__Work instructions__: Print the entire listing below word for word, excluding its pictures.

__Provided data__:
____

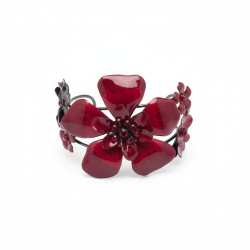Elegant Red Flower Cuff Bracelet Women's Artistic Floral Bangle Jewelry Gift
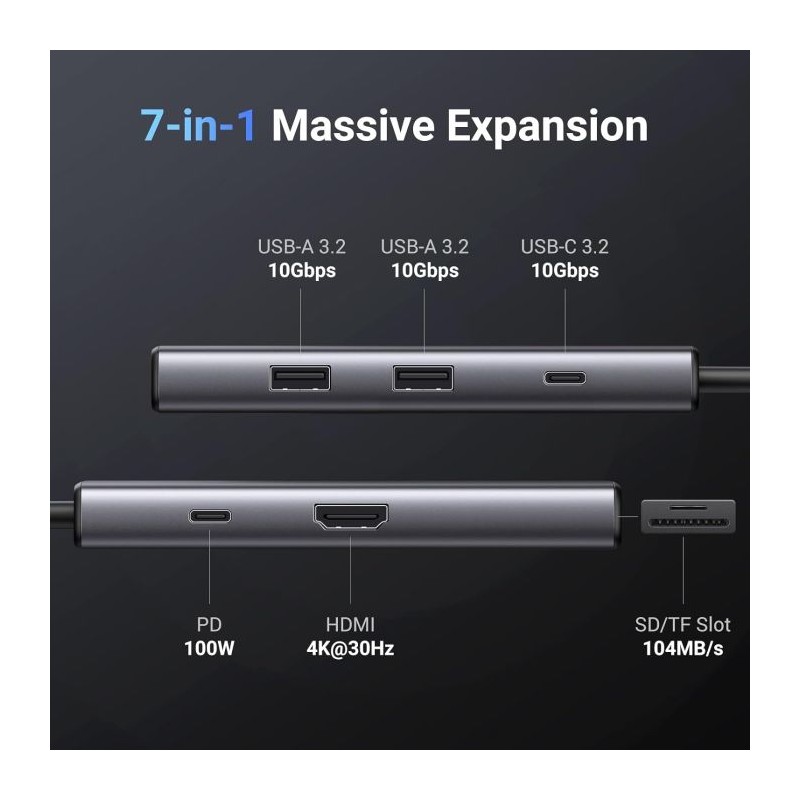 Priklopna postaja Ugreen E0013519, 7v1, USB-C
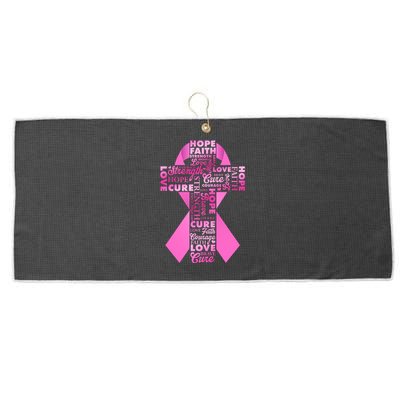 Breast Cancer Awareness Word Text Art Ribbon Cross Large Microfiber Waffle Golf Towel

____

__Solution for this task__:
Elegant Red Flower Cuff Bracelet Women's Artistic Floral Bangle Jewelry Gift
 Priklopna postaja Ugreen E0013519, 7v1, USB-C
 Breast Cancer Awareness Word Text Art Ribbon Cross Large Microfiber Waffle Golf Towel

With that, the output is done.